Given information:
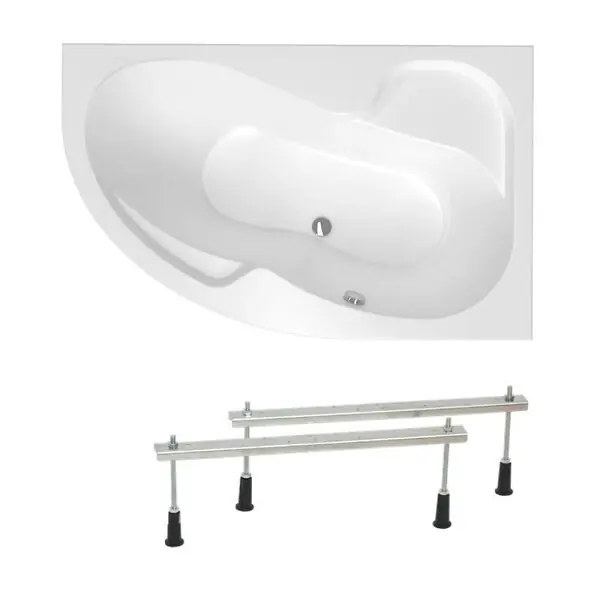 Siko 150x100 cm Fortuna Plus baignoire asymétrique, avec pieds, acrylique, droite, Blanc (FO1500PPLUS-SET) Offre Exclusive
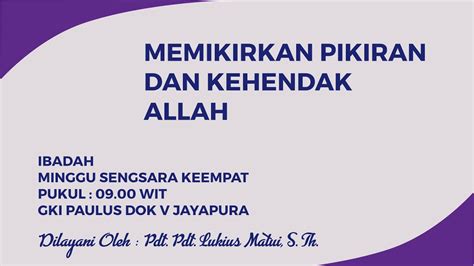 Ibadah Minggu Ke Empat Kesengsaraan Yesus Kristus Maret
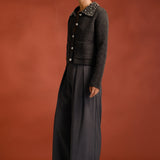 Pearl Embellished Collar Cardigan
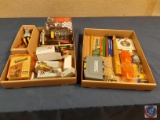 Drill bits, pencils, reflectors, hammer, raincoat, ignition starter switches, switch control panel
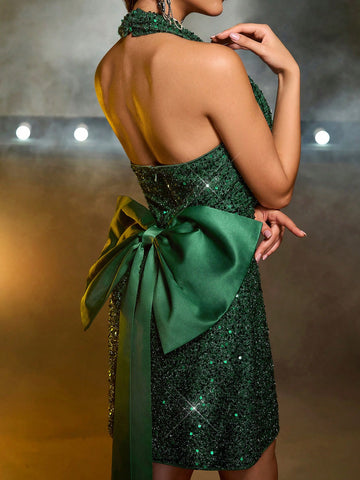 Elegant Green Luxurious Pearl Sequin Splicing Satin Halter Backless Short Bodycon Dress, Detachable Bow Tie, Suitable For Dates, Singles Parties, Weddings, Birthday Parties, Receptions
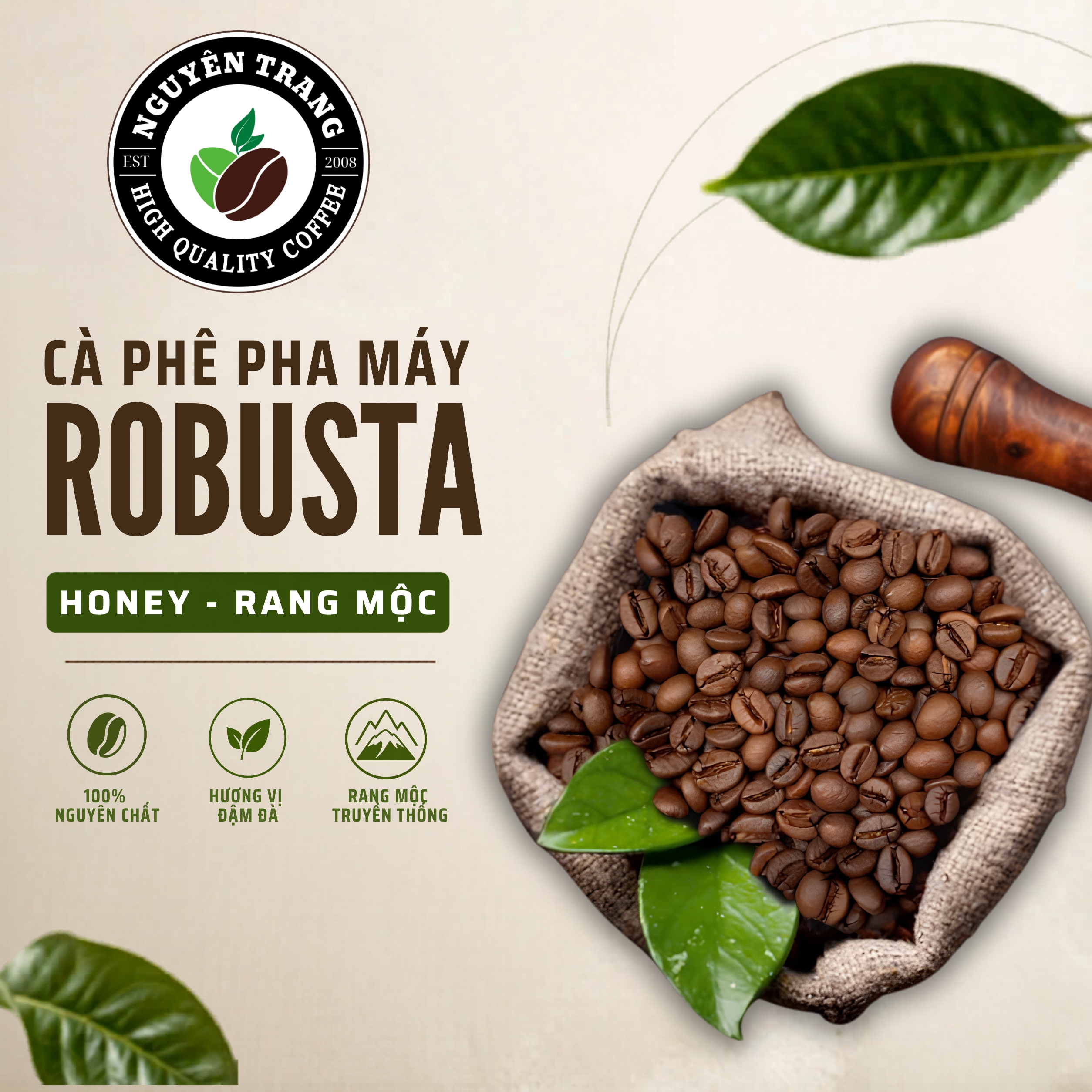 Cà phê Robusta honey rang mộc 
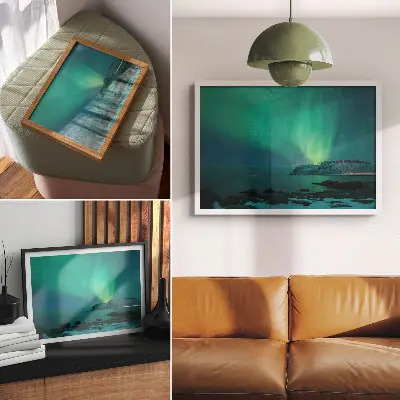 Lámina para cuadro aurora verde con luces centelleantes sobre superficie tranquila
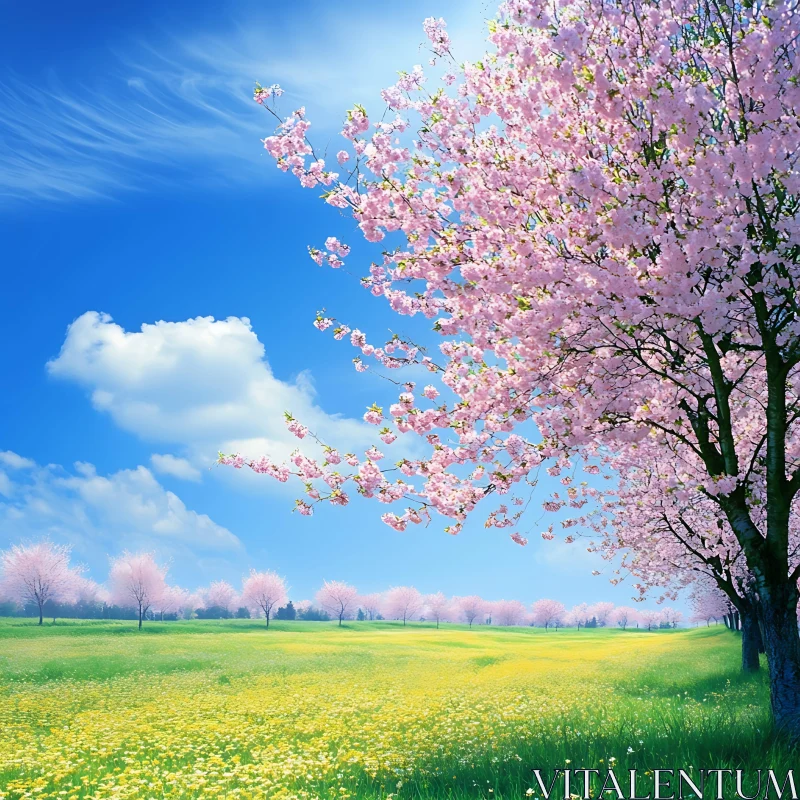 AI ART Pink Blossoms and Yellow Field Scenery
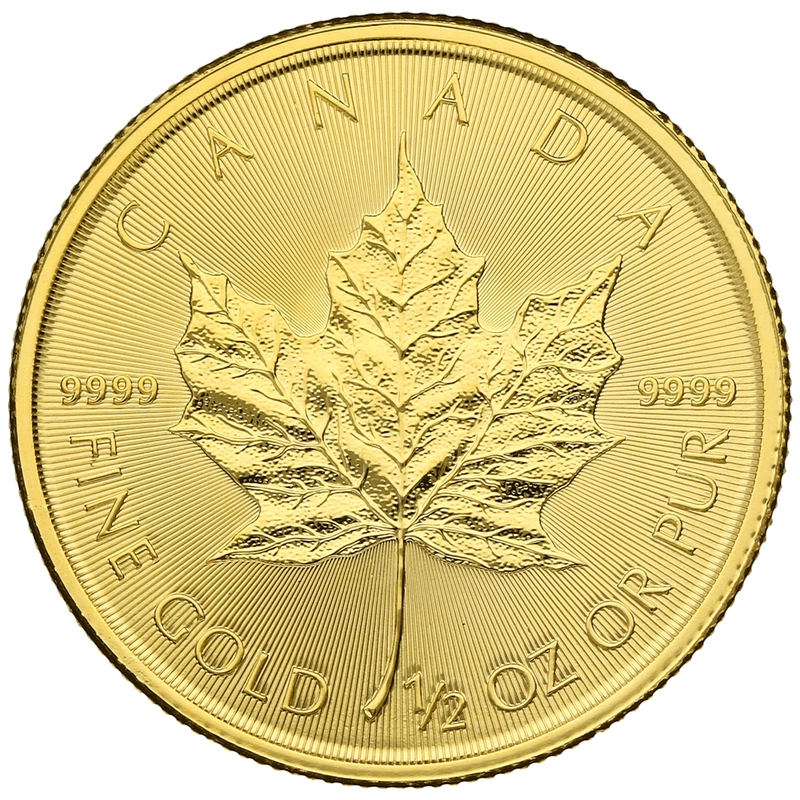 Maple Leaf Canadiense de 1/2 oz de Oro 2020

What you should do:
An exact copy of the lines from the one with "Lámina para cuadro" through the end of the records: produce that and nothing more, leaving out the pictures.

Response to the task:
 Lámina para cuadro aurora verde con luces centelleantes sobre superficie tranquila
 AI ART Pink Blossoms and Yellow Field Scenery
 Maple Leaf Canadiense de 1/2 oz de Oro 2020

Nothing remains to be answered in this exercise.